KTDA gets Sh3bn loan for 7 hydropower plants

Workers at Chinga Tea Factory in Othaya. KTDA plans to generate 16MW for use in its factories across the country. PHOTO | FILE

What you need to know:

  • The International Finance Corporation (IFC) and the Global Agriculture Food Security Programme (GAFSP) will extend a Sh2.6 billion loan to finance the authority’s internal energy plan which seeks to generate 16 megawatts.

The Kenya Tea Development Agency (KTDA) has got a major boost in bid to lower production cost in its factories after two multilateral organisations agreed to foot part of the Sh8.9 billion budget it requires to set up seven hydro-power plants.

The International Finance Corporation (IFC) and the Global Agriculture Food Security Programme (GAFSP) will extend a Sh2.6 billion loan to finance the authority’s internal energy plan which seeks to generate 16 megawatts.

The IFC and GAFSP have each committed to invest Sh1.3 billion into the renewable power project that will comprise seven run-of-the-river small hydropower plants (SHPs) and construction of transmission lines in various parts of the country.

“This project when completed will result in a significant energy cost saving for tea factories thus increasing financial benefits to farmers,” IFC said in a disclosure note dated September 16.

The KTDA management has frequently cited high cost of production as part of the reasons the bonus paid to small scale farmers has reduced over the years.

Official data indicates that energy costs account for about 30 per cent of the operation costs in tea factories with electricity alone accounting for 17 per cent.

On average, individual KTDA tea factories spend between Sh30 million to Sh65 million annually on electricity, depending on size, crop level and variable costs such as fuel cost adjustment and forex that the Kenya Power use to calculate electricity bills.

The KTDA – with a membership of about 562,000 small scale tea farmers and 54 tea companies – forecasts to cut its power bill by half by turning to its own power sources. This would translate to potential savings of Sh1 to Sh2 per kilogramme of green leaf delivered by farmers, KTDA said.

Each of the seven small hydropower plants will have an installed capacity ranging from 1.1MW to 6.5MW. They are to be located in Kirinyaga, Meru, Kericho and Kisii.

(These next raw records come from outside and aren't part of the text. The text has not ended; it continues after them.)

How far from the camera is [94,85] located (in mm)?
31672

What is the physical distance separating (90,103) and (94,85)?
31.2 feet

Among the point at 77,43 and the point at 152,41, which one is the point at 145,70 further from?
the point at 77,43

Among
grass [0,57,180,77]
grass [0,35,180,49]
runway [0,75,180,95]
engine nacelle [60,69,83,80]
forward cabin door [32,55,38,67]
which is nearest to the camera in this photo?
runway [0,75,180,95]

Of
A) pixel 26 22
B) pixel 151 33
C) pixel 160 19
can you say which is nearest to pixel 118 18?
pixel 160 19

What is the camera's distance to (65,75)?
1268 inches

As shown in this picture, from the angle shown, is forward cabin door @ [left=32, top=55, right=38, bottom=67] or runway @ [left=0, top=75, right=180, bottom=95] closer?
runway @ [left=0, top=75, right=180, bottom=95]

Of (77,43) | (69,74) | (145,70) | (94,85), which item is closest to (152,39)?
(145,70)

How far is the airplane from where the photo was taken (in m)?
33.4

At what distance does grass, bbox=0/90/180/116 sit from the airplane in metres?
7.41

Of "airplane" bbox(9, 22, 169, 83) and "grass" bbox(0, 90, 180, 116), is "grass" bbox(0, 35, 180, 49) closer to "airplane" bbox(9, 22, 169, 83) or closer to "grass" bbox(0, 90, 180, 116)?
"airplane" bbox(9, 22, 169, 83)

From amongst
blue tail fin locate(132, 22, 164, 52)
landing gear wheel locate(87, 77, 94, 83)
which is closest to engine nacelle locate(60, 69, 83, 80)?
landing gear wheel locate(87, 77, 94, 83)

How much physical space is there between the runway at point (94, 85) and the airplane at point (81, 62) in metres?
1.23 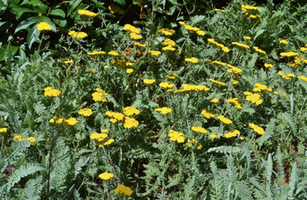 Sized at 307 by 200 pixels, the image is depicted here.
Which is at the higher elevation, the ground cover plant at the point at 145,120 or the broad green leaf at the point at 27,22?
the broad green leaf at the point at 27,22

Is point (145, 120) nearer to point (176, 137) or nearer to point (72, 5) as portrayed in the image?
point (176, 137)

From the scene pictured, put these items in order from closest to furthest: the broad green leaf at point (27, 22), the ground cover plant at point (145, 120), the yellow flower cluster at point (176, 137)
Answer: the ground cover plant at point (145, 120), the yellow flower cluster at point (176, 137), the broad green leaf at point (27, 22)

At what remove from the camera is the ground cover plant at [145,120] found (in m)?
2.04

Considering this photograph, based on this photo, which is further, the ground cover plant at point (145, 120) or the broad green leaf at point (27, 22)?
the broad green leaf at point (27, 22)

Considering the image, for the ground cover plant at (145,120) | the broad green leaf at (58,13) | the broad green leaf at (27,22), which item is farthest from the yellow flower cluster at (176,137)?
the broad green leaf at (27,22)

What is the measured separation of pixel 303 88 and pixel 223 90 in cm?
92

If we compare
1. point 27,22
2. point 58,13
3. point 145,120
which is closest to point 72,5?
point 58,13

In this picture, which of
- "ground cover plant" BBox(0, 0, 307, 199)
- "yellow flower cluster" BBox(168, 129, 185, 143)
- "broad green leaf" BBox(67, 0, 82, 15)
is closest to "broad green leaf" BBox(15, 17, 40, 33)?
"ground cover plant" BBox(0, 0, 307, 199)

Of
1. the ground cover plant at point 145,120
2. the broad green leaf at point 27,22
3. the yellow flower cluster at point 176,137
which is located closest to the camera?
the ground cover plant at point 145,120

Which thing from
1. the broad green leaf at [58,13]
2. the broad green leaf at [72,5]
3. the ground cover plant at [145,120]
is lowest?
the ground cover plant at [145,120]

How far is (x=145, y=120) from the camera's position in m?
2.90

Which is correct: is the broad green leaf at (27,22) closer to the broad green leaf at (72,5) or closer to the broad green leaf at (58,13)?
the broad green leaf at (58,13)

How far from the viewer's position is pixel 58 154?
82.2 inches

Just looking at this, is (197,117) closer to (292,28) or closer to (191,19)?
(191,19)
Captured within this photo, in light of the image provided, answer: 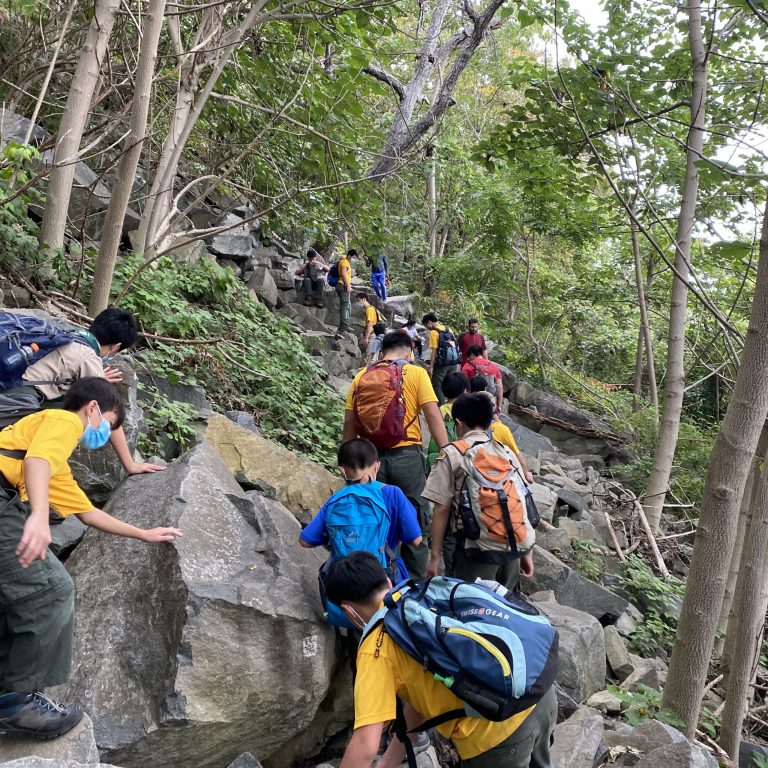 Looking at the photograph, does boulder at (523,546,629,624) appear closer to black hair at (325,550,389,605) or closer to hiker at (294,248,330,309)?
black hair at (325,550,389,605)

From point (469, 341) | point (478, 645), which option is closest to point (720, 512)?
point (478, 645)

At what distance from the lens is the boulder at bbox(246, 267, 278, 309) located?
12.0 m

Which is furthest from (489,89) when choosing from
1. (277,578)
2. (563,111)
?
(277,578)

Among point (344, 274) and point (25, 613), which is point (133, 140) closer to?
point (25, 613)

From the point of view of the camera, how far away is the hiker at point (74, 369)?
2.80 meters

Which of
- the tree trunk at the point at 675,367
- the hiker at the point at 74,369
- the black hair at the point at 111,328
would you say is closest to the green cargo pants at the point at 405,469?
the hiker at the point at 74,369

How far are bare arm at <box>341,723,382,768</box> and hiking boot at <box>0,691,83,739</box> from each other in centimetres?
115

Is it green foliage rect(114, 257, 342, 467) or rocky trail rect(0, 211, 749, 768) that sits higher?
green foliage rect(114, 257, 342, 467)

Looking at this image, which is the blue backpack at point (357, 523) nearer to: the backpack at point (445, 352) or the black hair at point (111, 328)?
the black hair at point (111, 328)

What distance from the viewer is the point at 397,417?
14.0 ft

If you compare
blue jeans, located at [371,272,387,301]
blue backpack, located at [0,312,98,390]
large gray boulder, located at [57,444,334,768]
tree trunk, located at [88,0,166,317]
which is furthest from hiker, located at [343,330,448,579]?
blue jeans, located at [371,272,387,301]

According to the IFC disclosure, the SHPs will generate power for KTDA’s tea factories and sell any excess to Kenya Power.

“We want to have a sustainable energy mix that will ensure our factories operate at the lowest possible energy cost while retaining the tea quality KTDA is renowned for,” said KTDA Power general manager Lucas Gakori Maina.

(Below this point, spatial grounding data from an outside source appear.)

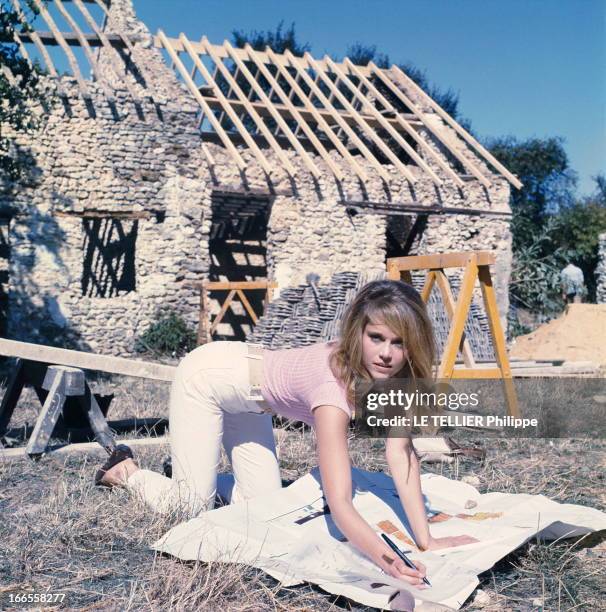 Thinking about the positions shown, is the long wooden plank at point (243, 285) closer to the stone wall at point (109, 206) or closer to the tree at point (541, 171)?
the stone wall at point (109, 206)

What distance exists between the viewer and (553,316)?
16.3m

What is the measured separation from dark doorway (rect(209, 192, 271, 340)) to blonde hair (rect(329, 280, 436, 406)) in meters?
11.0

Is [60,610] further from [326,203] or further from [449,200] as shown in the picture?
[449,200]

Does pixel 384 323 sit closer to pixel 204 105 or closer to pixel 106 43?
pixel 204 105

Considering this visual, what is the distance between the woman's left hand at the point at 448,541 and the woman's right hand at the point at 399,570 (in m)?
0.34

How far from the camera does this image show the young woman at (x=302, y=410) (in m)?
2.37

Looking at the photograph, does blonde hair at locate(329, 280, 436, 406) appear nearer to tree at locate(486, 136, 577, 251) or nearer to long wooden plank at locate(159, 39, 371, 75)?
long wooden plank at locate(159, 39, 371, 75)

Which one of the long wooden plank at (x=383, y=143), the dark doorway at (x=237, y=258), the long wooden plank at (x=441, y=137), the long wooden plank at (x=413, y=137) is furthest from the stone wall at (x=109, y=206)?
the long wooden plank at (x=441, y=137)

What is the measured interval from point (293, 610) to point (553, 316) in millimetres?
15242

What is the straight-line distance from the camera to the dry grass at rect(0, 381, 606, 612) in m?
2.27

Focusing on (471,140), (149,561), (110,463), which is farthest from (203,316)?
(149,561)

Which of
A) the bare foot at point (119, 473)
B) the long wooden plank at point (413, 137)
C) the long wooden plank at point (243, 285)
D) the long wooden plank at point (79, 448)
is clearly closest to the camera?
the bare foot at point (119, 473)

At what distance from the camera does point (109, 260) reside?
14.6m

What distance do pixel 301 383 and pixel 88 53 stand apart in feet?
32.6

The projects will be managed by KTDA Power, a subsidiary established by KTDA in 2010 as part of a strategy to reduce energy costs.

KTDA Power is presently developing a portfolio of small, run-of-the-river SHPs with an aggregate generation capacity of up to 29MW across 10 sites in various locations in Kenya.

Three out of these 10 sites are fully funded while the remaining seven sites will be covered by IFC’s financing. Each SHP will be owned by newly created asset holding companies, Regional Power Companies (RPCs). In turn, each RPC is jointly owned by several KTDA Tea Factories located in the region where the relevant SHP is constructed.

KTDA is Kenya’s pioneer independent power producer (IPP) player in hydro and owns a 1MW plant located in Imenti. The power is used at Imenti Tea Factory with the balance of 0.3MW being sold to the grid.

The small-scale tea farmers earned Sh803,000 from selling electricity to Kenya Power in the year to June 2014.